No matter what the premise is though, installing the USB will install whatever malicious code or scam the criminals put on it.
How can you protect yourself?
- Never plug in a USB to your computer that you aren’t 100% sure is safe. It doesn’t matter if you picked it up off the ground, received it in the mail, or were handed it at a trade show. Unless you know exactly who the USB came from and what is on it, do not expose yourself and your company to the risk.
- Give any unknown USBs to your IT team to check for you.
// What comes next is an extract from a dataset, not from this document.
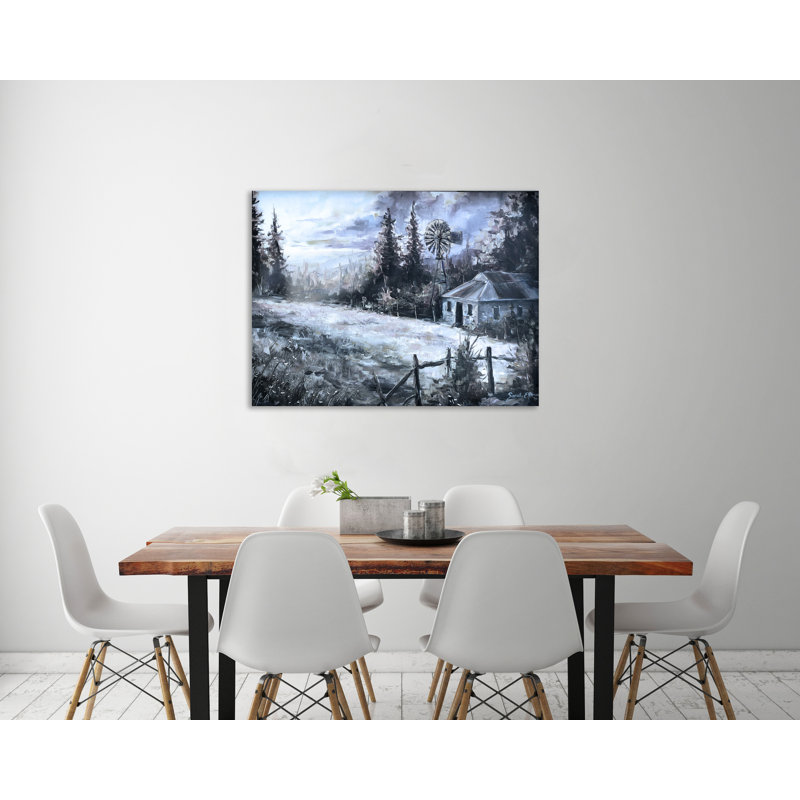 «Black & White Farmhouse», reproduction sur toile tendue, H 15 po x l 20 po x P 1,5 po
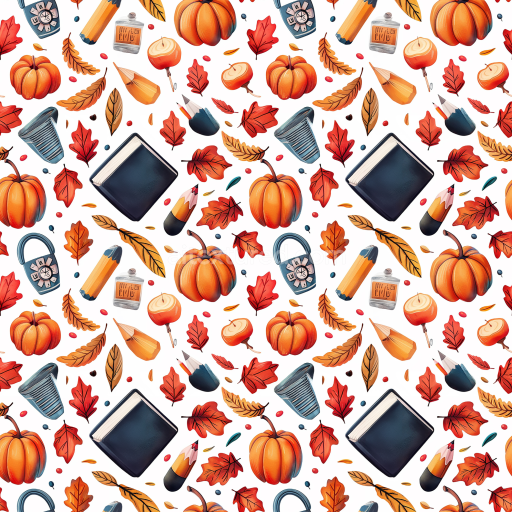 Seamless 3D PBR Texture with Autumn Pumpkins, Leaves, and Cozy Seasonal Motifs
It’s absolutely possible that a colleague left their USB on the conference table. But ask them or get the USB checked. Do not plug it in thinking you’ll take a quick look and find out who it belongs to.
- Keep in mind that criminal tactics will continue to evolve. The USB lying in the parking lot may be obvious, but the one sent in the mail that looks like it’s really from Microsoft is not. These attacks do happen, and we need to stay alert for them.
3. Giveaway Scams
A recent scam circulating through WhatsApp motivated Heineken to issue a formal statement. They were not, in fact, giving away 5,000 coolers of free beer in honor of Father’s Day.
But how many people do you think saw the fake competition, versus how many saw the official statement? According to onlinethreats.com, the scam spread “like wildfire.”
And before you dismiss this as irrelevant because you don’t even use WhatsApp (neither do I), consider how many online competitions you have entered or seen. The Savannah Morning News website frequently promotes giveaways, for example. They are an effective tool for businesses to get new leads and build engagement. And they can be inexpensively distributed to large quantities of people via email, text, and social media.
All a criminal has to do is set up a webpage or form for capturing the data they want.
So how can you tell which giveaways are legit?
- Read the fine print. I know, I know. None of us wants to do this. But inside the terms and conditions, or even within a social media contest post, legitimate businesses typically spell out how and when you may be contacted, as well as by which social handle or email address. If this kind of information is missing, you’re probably looking at a scam.
- Stop if you see the contest asking for any banking or financial information. As the FTC explains in this article, real contests and giveaways do not require you to pay.
- Use caution if you feel any kind of urgency or pressure to enter. Official contests often, if not always, have a deadline for entering, but scams will be pushier. They’ll make it seem like you have to ‘enter now’ due to limited quantities or an expiring time so you rush.
- Take a moment to check the sponsoring company’s official website to see if the giveaway is mentioned. Alternatively, search for the company name and ‘giveaway’ or some related term to see if results come back warning you of a scam.
- As always, stop and think before clicking on any unsolicited links you get via email, text, or served to you online.